Jun
06
Australian Federal Budget 2010 – Superannuation Changes
ByMain points…
- Compulsory super will rise from 9% to 12% of salary in increments from July 2013 to July 2019
- People over 50 will be able to make annual tax concessional super contributions of $50,000 if their fund balance is under $500,000. Those with a higher balance will be limited to annual contributions of $25,000
- Temporary cuts to the super contribution announced previously will be permanent BUT people with income under $37,000 will receive an annual super contribution from government of up to $500
In more detail…
- The temporary cuts to the super co-contribution announced in the previous budget will be permanent and the maximum income used to determine eligibility will be frozen for 2 years
- Super funds will be able to claim a tax deduction for benefits paid for a terminal illness
- The Australian Tax office will be able to exercise its discretion regarding excess contributions tax before issuing an assessment to a taxpayer. However, this does not mean that the ATO will have any greater discretion to waive penalty tax according to Treasury.

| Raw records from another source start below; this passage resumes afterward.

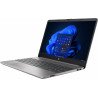 HP 250 G9 15.6" FHD i5-1235U 8GB 256GB SSD Windows 11 Pro Laptop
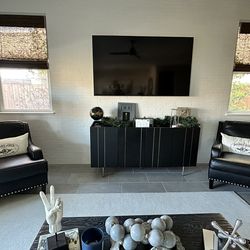 Ashley Furniture Accent Chairs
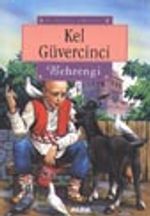 Kel Güvercinci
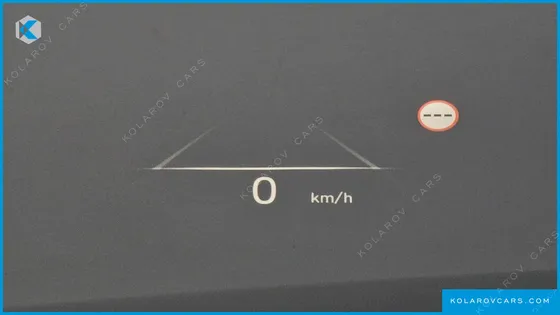 HYUNDAI PALISADE GASOLINE 3.8 2WD
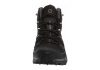 Salomon X Ultra Mid 2 Spikes GTX - Black/Black/Quiet Shade (L404752)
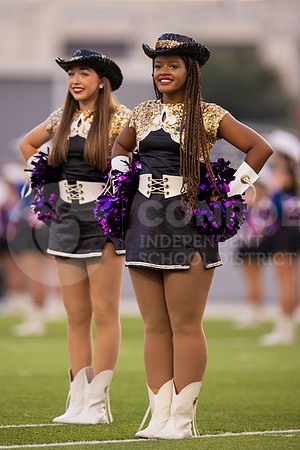 230928 CHS vs ORHS-118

- DIY super funds that use instalment warrants to buy shares or property will have greater certainty about the ownership of the assets.
- People over 50 will be able to make annual tax concessional super contributions of $50,000 if the balance of their fund is less than $500,000. Those with a higher balance will be limited to annual contributions of $25,000.
- People with income of $37,000 or less will receive an annual super contribution from government of up to $500.
- Employees will be able to receive compulsory super until the age of 75 (up from 70, currently).